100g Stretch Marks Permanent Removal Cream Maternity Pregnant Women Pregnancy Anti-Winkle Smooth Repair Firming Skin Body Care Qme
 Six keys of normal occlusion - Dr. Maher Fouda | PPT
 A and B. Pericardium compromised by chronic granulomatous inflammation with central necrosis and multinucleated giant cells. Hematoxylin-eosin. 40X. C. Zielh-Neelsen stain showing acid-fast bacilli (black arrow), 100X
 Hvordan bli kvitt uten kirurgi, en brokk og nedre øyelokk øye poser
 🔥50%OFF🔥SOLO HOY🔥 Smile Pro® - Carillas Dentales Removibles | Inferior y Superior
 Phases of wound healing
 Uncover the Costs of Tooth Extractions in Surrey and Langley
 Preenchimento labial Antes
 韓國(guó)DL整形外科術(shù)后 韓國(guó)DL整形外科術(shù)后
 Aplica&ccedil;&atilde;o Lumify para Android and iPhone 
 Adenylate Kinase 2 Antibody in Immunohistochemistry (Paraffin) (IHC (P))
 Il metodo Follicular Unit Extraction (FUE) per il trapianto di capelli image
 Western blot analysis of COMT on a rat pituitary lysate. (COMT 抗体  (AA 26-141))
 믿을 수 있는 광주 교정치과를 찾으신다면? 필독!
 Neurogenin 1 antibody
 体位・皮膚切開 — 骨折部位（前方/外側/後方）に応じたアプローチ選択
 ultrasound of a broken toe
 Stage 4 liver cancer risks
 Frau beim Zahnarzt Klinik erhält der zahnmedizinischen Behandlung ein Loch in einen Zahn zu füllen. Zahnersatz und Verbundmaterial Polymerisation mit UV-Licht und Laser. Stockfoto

^^^^

▶ **What you need to do**:
Reproduce exactly what is written in the listing above.

▶ **Expected output**:
100g Stretch Marks Permanent Removal Cream Maternity Pregnant Women Pregnancy Anti-Winkle Smooth Repair Firming Skin Body Care Qme
 Six keys of normal occlusion - Dr. Maher Fouda | PPT
 A and B. Pericardium compromised by chronic granulomatous inflammation with central necrosis and multinucleated giant cells. Hematoxylin-eosin. 40X. C. Zielh-Neelsen stain showing acid-fast bacilli (black arrow), 100X
 Hvordan bli kvitt uten kirurgi, en brokk og nedre øyelokk øye poser
 🔥50%OFF🔥SOLO HOY🔥 Smile Pro® - Carillas Dentales Removibles | Inferior y Superior
 Phases of wound healing
 Uncover the Costs of Tooth Extractions in Surrey and Langley
 Preenchimento labial Antes
 韓國(guó)DL整形外科術(shù)后 韓國(guó)DL整形外科術(shù)后
 Aplica&ccedil;&atilde;o Lumify para Android and iPhone 
 Adenylate Kinase 2 Antibody in Immunohistochemistry (Paraffin) (IHC (P))
 Il metodo Follicular Unit Extraction (FUE) per il trapianto di capelli image
 Western blot analysis of COMT on a rat pituitary lysate. (COMT 抗体  (AA 26-141))
 믿을 수 있는 광주 교정치과를 찾으신다면? 필독!
 Neurogenin 1 antibody
 体位・皮膚切開 — 骨折部位（前方/外側/後方）に応じたアプローチ選択
 ultrasound of a broken toe
 Stage 4 liver cancer risks
 Frau beim Zahnarzt Klinik erhält der zahnmedizinischen Behandlung ein Loch in einen Zahn zu füllen. Zahnersatz und Verbundmaterial Polymerisation mit UV-Licht und Laser. Stockfoto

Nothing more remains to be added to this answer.